The holiday season is a time of celebration for many. We sing carols, invite guests over and decorate our homes. Although they are pretty and create a festive atmosphere, Christmas decorations can cause some serious issues for those living in strata. So, what are these issues and what can you do to make sure everyone has a good Christmas?


Christmas decorations, as much as we love them, can cause safety hazards. Someone might trip over that cute santa sleigh and reindeer display in the foyer. The giant baubles suspended from the ceiling might fall and hit someone on the head. Or, the Christmas lights which have been hung around the building might cause a fire.

The owners corporation is responsible for any injury or damage which occurs on common property.
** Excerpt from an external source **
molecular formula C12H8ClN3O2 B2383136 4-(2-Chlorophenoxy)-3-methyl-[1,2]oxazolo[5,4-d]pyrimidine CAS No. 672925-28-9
As such, it is important to ensure that all decorations are safe and fastened securely, and any relevant approvals obtained.


Living in close proximity to others, there will always be some level of disturbance. However, Christmas decorations can compound this. Maybe the Christmas lights you threaded around your balcony balustrades are shining into the apartment across from yours, or the motion sensor singing santa next to your front door is getting on your neighbour’s nerves.

Nuisance is addressed in s 153(1) of the Strata Schemes Management Act 2015 (NSW). The term is not defined in the Act, but the NSW Supreme Court has held that it must be more than an inconvenience or annoyance.

In The Owners Strata Plan No. 2245 v Veney [2020] NSWSC 134 (27 February 2020), the Court reiterated the High Court of Australia’s description of an actionable nuisance as being an “unlawful interference with a person’s use or enjoyment of land, or of some right over or in connection with the land”. It is possible that the Christmas lights and musical decorations would fall into this category.

So, does this mean that you cannot decorate your home for Christmas at all? No, not necessarily.

Making sure everyone has a good Christmas

If you want to decorate for Christmas, here are some things you should do to ensure everything goes smoothly:

  1. Check your by-laws

Your strata scheme may have specific by-laws in relation to Christmas lights and other seasonal decorations. Make sure that the decorations you want to display comply with the by-law. If your Scheme does not have a specific by-law, be aware of Model By-law 17 – Lot Appearance in Keeping with the rest of the building, or other similar by-laws. Ensure the relevant approvals are obtained for decorations.

  1. Be mindful of potential hazards or nuisance and mitigate

There are plenty of things you can do to mitigate the safety hazard and nuisance potential of your Christmas decorations. Consider the positioning of your Christmas lights and the duration of their presence. Perhaps you can even turn them off at certain times. Make sure that decorations are safe and secured firmly to prevent falls, and keep displays away from the main thoroughfare.

  1. Remember that you live with your neighbours for the rest of the year too

The nature of community living is one of compromise. If you do not take your neighbours into consideration when contemplating loud, bright, and disruptive Christmas decorations, the relationship may become strained, leading to tension and disputes.

This is general information and should not be considered to be legal advice. You should obtain legal advice specific to your individual situation.